Studies were identified using MEDLINE (1966 through 1995) with the keywords atherosclerosis, coronary artery disease, and regression, and from recent literature reviews.

Study selection

Randomized studies were selected if they involved standard antidyslipidemic therapy (diet, pharmaceutical agents, or surgery) and included patients with multiple atherosclerosis risk factors but no known coronary atherosclerosis (primary prevention studies), patients with known atherosclerosis (secondary prevention studies), or patients with a previous myocardial infarction (MI) (tertiary studies).

Data extraction

Data were extracted on risk factors for coronary atherosclerosis, treatment type and duration, results of angiography, and absolute risk reduction (ARR) for MI and cardiovascular death.

Main results

In 6 trials of primary prevention (excluding 1 trial that evaluated clofibrate, which is no longer used), standard antidyslipidemic therapy reduced the total cholesterol level by 15% and led to an ARR of 1.6% for nonfatal MI, 0.5% for cardiovascular death, and 0.5% for all-cause mortality. This ARR means that 53 patients would need to be treated (NNT) for 4.8 years with standard antidyslipidemic therapy (rather than usual care) to prevent 1 additional nonfatal MI or cardiovascular death (95% CI 41 to 81). The NNT to prevent 1 additional death from all causes is 190 (CI 106 to 3425). In 23 trials of secondary and tertiary prevention, active treatment using various dietary and pharmacologic agents for a mean of 4.9 years reduced the total cholesterol level by 18% and led to an ARR of 6.4% for nonfatal MI or cardiovascular death (NNT 16, CI 13 to 19) and 2.7% for all-cause mortality (NNT 37, CI 26 to 64). 13 secondary and tertiary prevention trials that lasted for 2.6 years reported angiographic data. The NNT to prevent 1 additional progression of coronary atherosclerosis was 7 (CI 6 to 9) and to induce 1 additional regression of coronary atherosclerosis was 10 (CI 7 to 17). Similar benefits on atherosclerosis progression and regression were observed in 9 secondary and tertiary trials evaluating 3-hydroxy-3-methylglutaryl coenzyme A (HMG-CoA) reductase inhibitors.


5 years of treatment of dyslipidemia in patients with and without known atherosclerosis prevents myocardial infarction or cardiovascular death with a number needed to treat of 16 patients and 53 patients, respectively.

Sources of funding: In part, Lucille P. Markey Charitable Trust and the U.S. Public Health Service.

For article reprint: Dr. C.M. Rembold, Box 146, Cobb 1034, Hospital Drive, Cardiovascular Division, University of Virginia Health Sciences Center, Charlottesville, VA 22908, USA. FAX 804-924-9604.


NNT analysis is a useful tool for clinical decision making (1); the higher the risk for patients the greater the potential benefit from treatment. The Table compares the NNT for cholesterol reduction in secondary (2) and primary (3) prevention trials with primary prevention in isolated systolic hypertension (4).
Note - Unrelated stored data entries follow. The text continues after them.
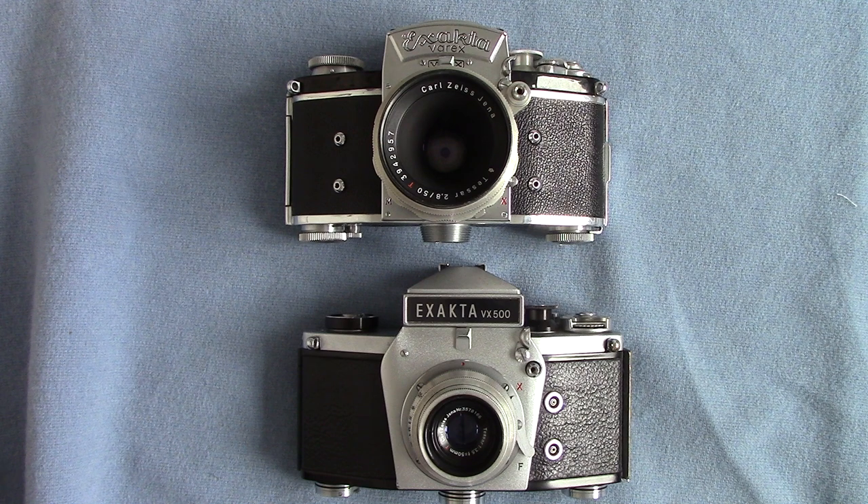Today I'm going to show you two cameras which I've got on loan — the famous brand the Exacta, made in Germany by German engineers. These are very interesting cameras. The Exacta Varex had been on the market for years, popular in the 1950s and 1960s, and then gradually went out of favor.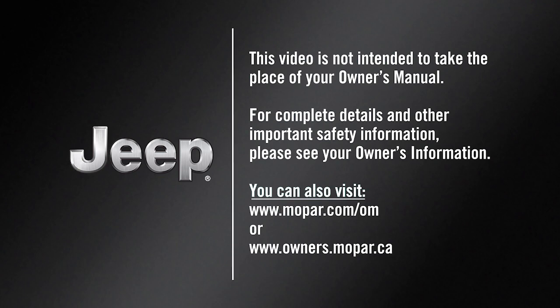This video is not intended to take the place of your Owner's Manual. For complete details and other important safety information, please see your Owner's Information.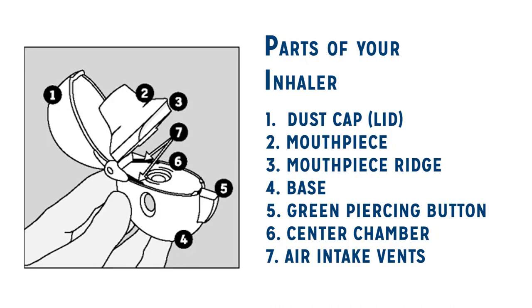To use this device, you will need to know the parts of the inhaler: dust cap, mouthpiece, mouthpiece ridge, base, green piercing button, center chamber, air intake vents.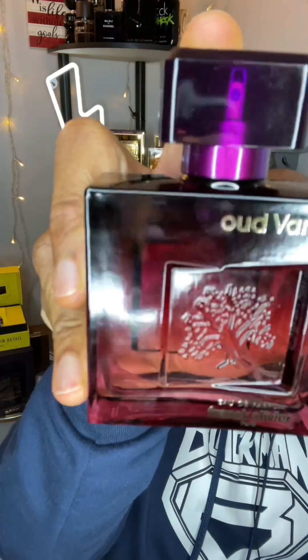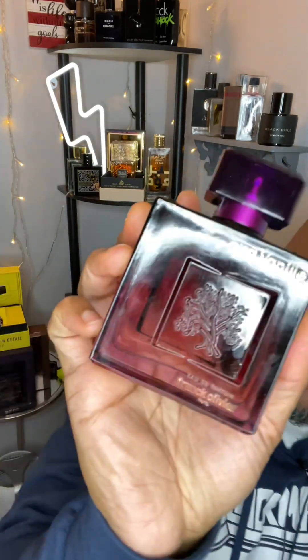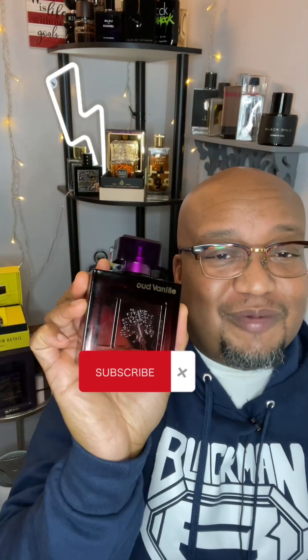The scent we're going to talk about today is Frank Olivier, and the fragrance name is Oud Vanilla. Pretty bottle, guys. It's a fingerprint magnet — most of them are. They just tend to collect a lot of fingerprints.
53 as the NNT for primary prevention of MI or cardiovascular death, calculated by Rembold and colleagues, is very close to that of the West of Scotland trial (3); similarly, 16 as the NNT for secondary prevention is comparable to the NNT in the Scandinavian Simvastatin Survival Study (4S) trial (2).

If we assume that our secondary prevention patients have risks and benefits similar to those of patients in the 4S trial (2), an NNT of 11 compares favorably with the NNT for treatment of isolated systolic hypertension.

Therefore, the message from these studies is to focus on which types of patients to treat and not on which level of cholesterol to treat. Based on this, high-risk patients will benefit most from cholesterol reduction.

Study (Reference) Event Prevented NNT
4S trial (2) 1 MI in 6 years 11
West of Scotland (3) 1 MI in 6 years* 55
SHEP (4) 1 stroke in 6 years* 26

*Adjusted to 6 years assuming linear proportions. SHEP = Systolic Hypertension in the Elderly Program.

J. David Spence, MD
Robarts Research InstituteLondon, Ontario, Canada


1. Laupacis A, Sackett DL, Roberts RS. N Engl J Med. 1988;318:1728-34.

2. Scandinavian Simvastatin Survival Study Group. Lancet. 1994;344:1383-9.

3. Shepherd J, Cobbe SM, Ford I, et al. N Engl J Med. 1995;333:1301-7.

4. SHEP Cooperative Research Groups. JAMA. 1991;265:3255-64.